Why we built Etiq

Chris Billingham

March 28, 2025

Blog

Let's be honest about data science for a moment. It's not just challenging because of complex algorithms or massive datasets. It's challenging because data scientists are playing a mental game of 3D chess that their tools simply don't support.

At Etiq AI, we've spent countless hours listening to data scientists explain their real-world challenges. We've observed them struggling with three different worldviews simultaneously, trying to make sense of legacy code, and attempting to explain complex pipelines to non-technical stakeholders.

We've built a solution that works the way data scientists do - not the other way around. We're not here to tell data scientists how to do their jobs or force them to learn yet another tool. We're here to make their lives easier by responding to their actual needs - making debugging effortless, testing straightforward, and production readiness achievable.

But what are the real challenges data scientists face and how are Etiq addressing them with empathy and practicality.

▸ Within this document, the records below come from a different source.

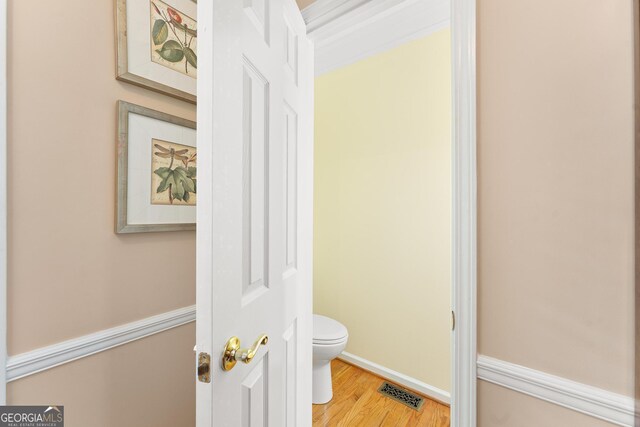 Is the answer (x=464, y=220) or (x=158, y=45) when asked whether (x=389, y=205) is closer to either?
(x=464, y=220)

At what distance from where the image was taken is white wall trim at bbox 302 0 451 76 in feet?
3.59

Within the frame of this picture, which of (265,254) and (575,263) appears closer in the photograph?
(575,263)

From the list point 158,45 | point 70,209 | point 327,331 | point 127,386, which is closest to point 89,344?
point 127,386

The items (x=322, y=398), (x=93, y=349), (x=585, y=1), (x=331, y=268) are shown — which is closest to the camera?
(x=585, y=1)

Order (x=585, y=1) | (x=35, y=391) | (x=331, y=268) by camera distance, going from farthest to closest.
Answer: (x=331, y=268) → (x=35, y=391) → (x=585, y=1)

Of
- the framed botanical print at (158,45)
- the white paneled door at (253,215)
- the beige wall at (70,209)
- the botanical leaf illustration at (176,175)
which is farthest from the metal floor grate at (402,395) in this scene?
the framed botanical print at (158,45)

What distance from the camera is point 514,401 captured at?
28.6 inches

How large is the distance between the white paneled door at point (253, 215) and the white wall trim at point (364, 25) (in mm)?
112

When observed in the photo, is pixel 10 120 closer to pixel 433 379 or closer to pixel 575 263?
pixel 575 263

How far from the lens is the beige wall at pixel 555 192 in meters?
0.61

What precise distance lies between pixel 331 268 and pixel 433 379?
1.10 metres

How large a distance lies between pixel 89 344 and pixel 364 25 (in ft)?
7.19

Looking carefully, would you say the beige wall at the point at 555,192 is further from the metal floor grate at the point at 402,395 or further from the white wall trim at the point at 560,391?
the metal floor grate at the point at 402,395

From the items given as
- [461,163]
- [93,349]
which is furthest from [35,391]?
[461,163] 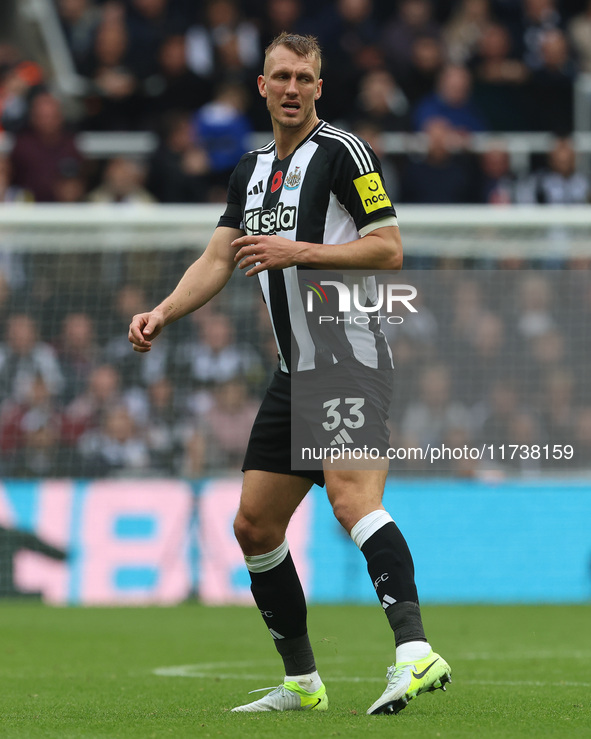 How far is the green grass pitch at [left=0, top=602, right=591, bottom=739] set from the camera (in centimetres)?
431

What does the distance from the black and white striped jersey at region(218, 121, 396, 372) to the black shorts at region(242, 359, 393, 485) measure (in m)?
0.06

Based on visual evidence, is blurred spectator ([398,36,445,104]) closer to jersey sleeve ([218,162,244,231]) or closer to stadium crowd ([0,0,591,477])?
stadium crowd ([0,0,591,477])

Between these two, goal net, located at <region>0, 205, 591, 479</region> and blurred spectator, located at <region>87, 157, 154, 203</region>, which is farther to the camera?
blurred spectator, located at <region>87, 157, 154, 203</region>

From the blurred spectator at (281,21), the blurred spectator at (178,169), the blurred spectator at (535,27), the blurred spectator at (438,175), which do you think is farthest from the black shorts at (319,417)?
the blurred spectator at (535,27)

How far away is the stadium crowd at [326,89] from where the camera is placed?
12867mm

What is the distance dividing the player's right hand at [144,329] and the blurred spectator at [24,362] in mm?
6793

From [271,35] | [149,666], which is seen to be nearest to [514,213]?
[271,35]

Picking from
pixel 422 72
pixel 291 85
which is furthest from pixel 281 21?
pixel 291 85

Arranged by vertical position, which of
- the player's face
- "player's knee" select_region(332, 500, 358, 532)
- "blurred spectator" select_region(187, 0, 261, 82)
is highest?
"blurred spectator" select_region(187, 0, 261, 82)

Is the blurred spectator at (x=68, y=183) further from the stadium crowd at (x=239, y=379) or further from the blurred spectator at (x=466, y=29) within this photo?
the blurred spectator at (x=466, y=29)

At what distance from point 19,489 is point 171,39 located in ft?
18.7

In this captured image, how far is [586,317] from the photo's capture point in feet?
37.8

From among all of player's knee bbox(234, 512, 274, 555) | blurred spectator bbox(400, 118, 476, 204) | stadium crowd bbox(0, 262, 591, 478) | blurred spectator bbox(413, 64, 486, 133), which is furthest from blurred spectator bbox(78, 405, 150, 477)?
player's knee bbox(234, 512, 274, 555)

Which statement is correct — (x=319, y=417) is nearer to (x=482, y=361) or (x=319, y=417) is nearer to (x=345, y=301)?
(x=345, y=301) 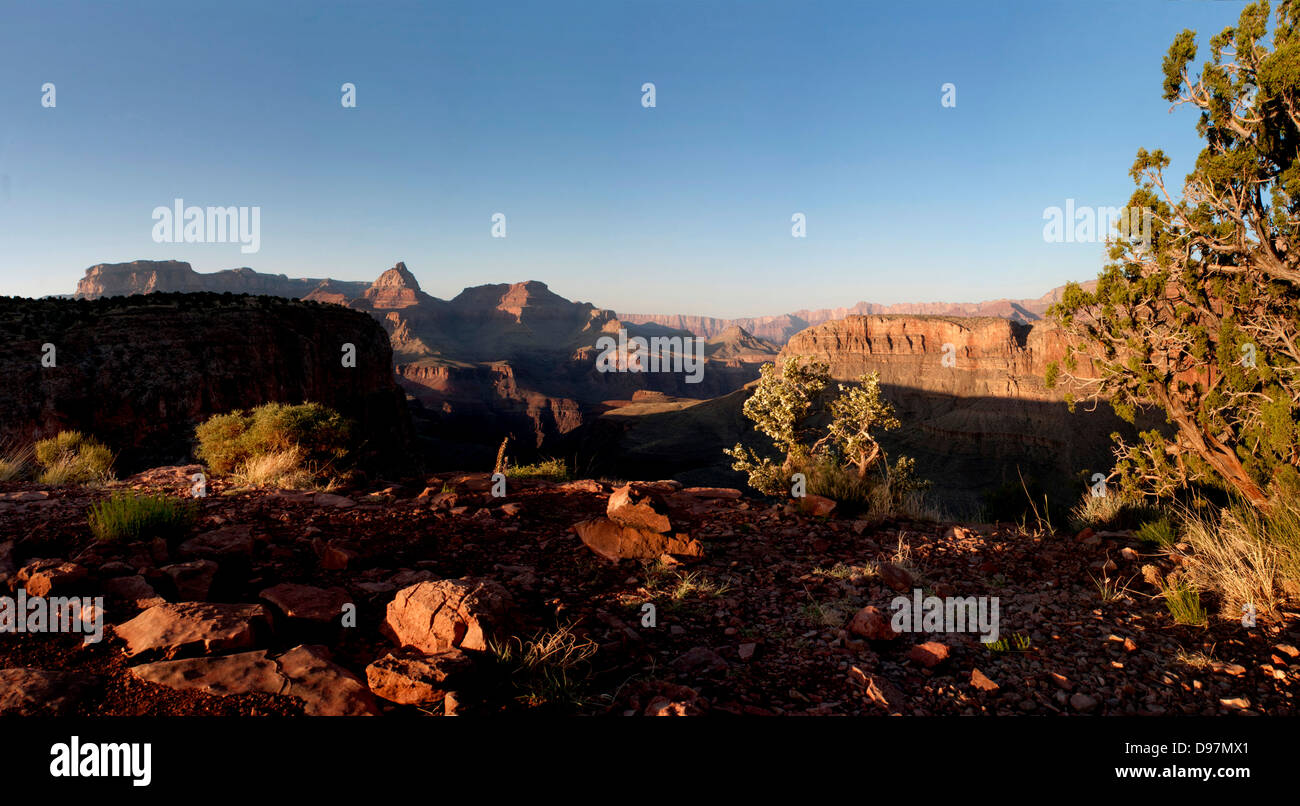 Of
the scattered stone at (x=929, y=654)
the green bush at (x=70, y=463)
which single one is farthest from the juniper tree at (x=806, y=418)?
the green bush at (x=70, y=463)

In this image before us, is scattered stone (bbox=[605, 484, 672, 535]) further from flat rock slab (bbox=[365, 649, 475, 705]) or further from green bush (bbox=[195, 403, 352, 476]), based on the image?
green bush (bbox=[195, 403, 352, 476])

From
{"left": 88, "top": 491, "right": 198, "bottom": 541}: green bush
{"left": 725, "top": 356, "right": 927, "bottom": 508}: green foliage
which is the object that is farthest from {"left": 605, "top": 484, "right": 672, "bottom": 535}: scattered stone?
{"left": 88, "top": 491, "right": 198, "bottom": 541}: green bush

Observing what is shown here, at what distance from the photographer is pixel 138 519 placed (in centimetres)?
435

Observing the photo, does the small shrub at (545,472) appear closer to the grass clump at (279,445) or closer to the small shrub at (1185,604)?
the grass clump at (279,445)

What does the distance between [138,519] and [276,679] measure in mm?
3001

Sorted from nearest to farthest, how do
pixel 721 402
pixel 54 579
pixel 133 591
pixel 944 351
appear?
pixel 54 579 < pixel 133 591 < pixel 944 351 < pixel 721 402

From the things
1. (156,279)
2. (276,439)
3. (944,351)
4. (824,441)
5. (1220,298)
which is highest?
(156,279)

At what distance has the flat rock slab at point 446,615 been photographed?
3.05 meters

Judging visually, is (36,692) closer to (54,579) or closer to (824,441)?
(54,579)

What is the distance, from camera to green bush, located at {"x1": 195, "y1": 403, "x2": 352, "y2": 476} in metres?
7.83

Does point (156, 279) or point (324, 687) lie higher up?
point (156, 279)

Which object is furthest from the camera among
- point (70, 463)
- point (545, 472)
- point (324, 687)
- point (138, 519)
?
point (545, 472)

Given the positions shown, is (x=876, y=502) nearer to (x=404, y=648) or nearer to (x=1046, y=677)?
(x=1046, y=677)

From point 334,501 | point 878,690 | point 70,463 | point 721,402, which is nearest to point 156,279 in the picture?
point 721,402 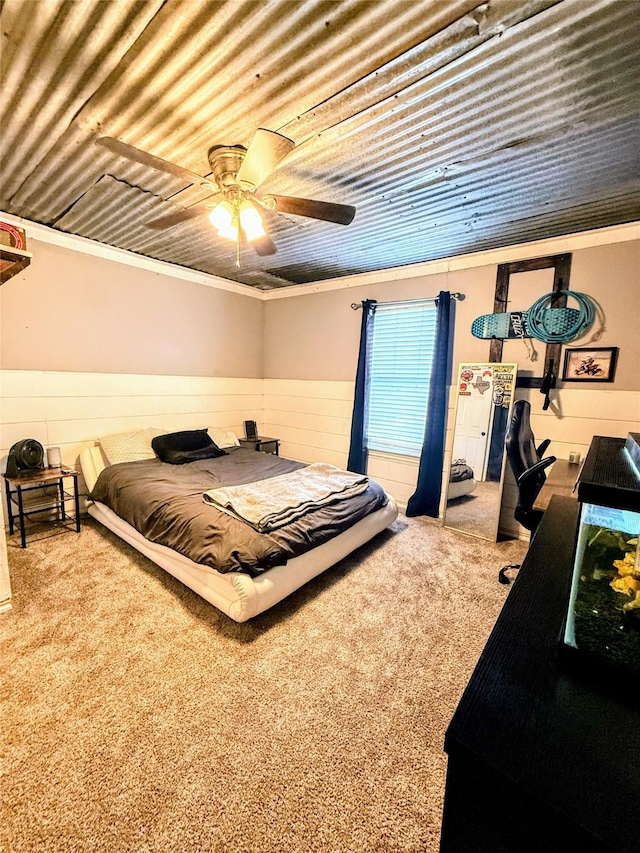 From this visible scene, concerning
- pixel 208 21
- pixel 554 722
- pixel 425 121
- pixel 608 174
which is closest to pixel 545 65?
pixel 425 121

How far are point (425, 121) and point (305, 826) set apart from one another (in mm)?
2916

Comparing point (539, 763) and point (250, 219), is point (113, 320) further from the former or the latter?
point (539, 763)

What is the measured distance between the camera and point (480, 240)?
3201 mm

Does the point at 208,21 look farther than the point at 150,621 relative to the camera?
No

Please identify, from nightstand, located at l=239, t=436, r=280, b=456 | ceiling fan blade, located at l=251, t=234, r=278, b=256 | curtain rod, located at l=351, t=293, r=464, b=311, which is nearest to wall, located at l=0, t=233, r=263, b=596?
nightstand, located at l=239, t=436, r=280, b=456

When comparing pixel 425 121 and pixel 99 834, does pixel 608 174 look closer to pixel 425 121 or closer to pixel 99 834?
pixel 425 121

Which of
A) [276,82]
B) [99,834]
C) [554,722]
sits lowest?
[99,834]

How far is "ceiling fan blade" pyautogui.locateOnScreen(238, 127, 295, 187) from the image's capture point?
1.50 meters

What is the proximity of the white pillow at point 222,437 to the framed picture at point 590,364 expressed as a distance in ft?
11.4

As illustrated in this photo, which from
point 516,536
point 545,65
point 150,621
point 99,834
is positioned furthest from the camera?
point 516,536

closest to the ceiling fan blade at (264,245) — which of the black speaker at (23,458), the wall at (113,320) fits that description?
the wall at (113,320)

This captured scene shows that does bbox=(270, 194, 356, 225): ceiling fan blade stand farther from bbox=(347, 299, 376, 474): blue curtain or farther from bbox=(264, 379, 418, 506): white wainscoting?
bbox=(264, 379, 418, 506): white wainscoting

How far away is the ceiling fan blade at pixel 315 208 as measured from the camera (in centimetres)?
197

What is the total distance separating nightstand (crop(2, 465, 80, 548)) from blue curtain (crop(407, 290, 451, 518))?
321cm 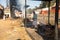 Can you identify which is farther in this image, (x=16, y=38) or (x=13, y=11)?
(x=13, y=11)

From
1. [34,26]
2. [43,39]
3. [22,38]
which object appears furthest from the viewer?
[34,26]

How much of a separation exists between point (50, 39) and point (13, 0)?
1752 cm

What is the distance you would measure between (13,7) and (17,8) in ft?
5.01

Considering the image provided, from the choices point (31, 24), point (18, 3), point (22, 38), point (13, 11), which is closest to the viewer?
point (22, 38)

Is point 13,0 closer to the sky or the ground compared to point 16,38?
closer to the sky

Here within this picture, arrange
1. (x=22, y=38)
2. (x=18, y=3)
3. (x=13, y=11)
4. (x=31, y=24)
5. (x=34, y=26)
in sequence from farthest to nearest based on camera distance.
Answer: (x=18, y=3), (x=13, y=11), (x=31, y=24), (x=34, y=26), (x=22, y=38)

The Problems for Data Scientists in the Real World

You're Playing 3D Chess in Your Head

If you've ever been 600 lines deep into a script and wondered, "Who am I anymore?" you're not alone. As a data scientist, you're not just thinking about code like a software engineer would. You're simultaneously juggling three different states:

What your code is doing - the functions, the logic flow
What your data is doing - its shape, distributions, and quality
How these two interact - which transformations affect which features

This mental juggling act becomes increasingly difficult as projects grow in complexity. It's no wonder that people get lost sometimes - you can be deep into writing code and it's difficult to know how you got there, what's happening to your data along the way, and how all these pieces fit together.

Your Tools Don't Talk to Each Other

The current landscape of tools is fundamentally split, leaving data scientists caught in the middle. As we've observed when talking to teams, you're often given access to tools built for software engineers, or software that is focussed on your data but they are fundamentally different tools, targeted at different users and jobs.

These separate domains don't communicate with each other, forcing data scientists to mentally bridge the gap. When something goes wrong, you're often left piecing together what happened across disconnected systems with no clear way to see how data and code interactions led to the problem.

You're Forced to Change How You Work

Many tools claim to help data scientists but actually add to their workload by imposing new requirements and workflows. So many tools out there today that force you to change to leverage what they promise. They ask you to learn this new package, learn this new system, download a new platform. If you do all these things, then you'll have one to this brand new capability.

The reality is that data scientists ask for and want tools that adapt to them, not the other way around. They want solutions that "work where you work" rather than forcing them to learn entirely new systems or drastically change their approach.

"Just Put It in Production" - What Does That Even Mean?

One of the most challenging aspects of being a data scientist is the nebulous concept of "production readiness." As we've heard many times from data scientists themselves "Does anyone, ever, teach you what production means, and how you get your code into it?"

We heard from one Data Scientist who reflected that at one of their first roles, putting a model into production meant turning their computer on at the start of the day, and running a script, then pasting the outputs into a database. This was the reality of "productionisation".

This knowledge gap creates real problems because production readiness encompasses many concerns that aren't taught in academic settings or through online courses. Without clear guidance, data scientists struggle to bridge the gap between a working model and a reliable system that can consistently deliver business value.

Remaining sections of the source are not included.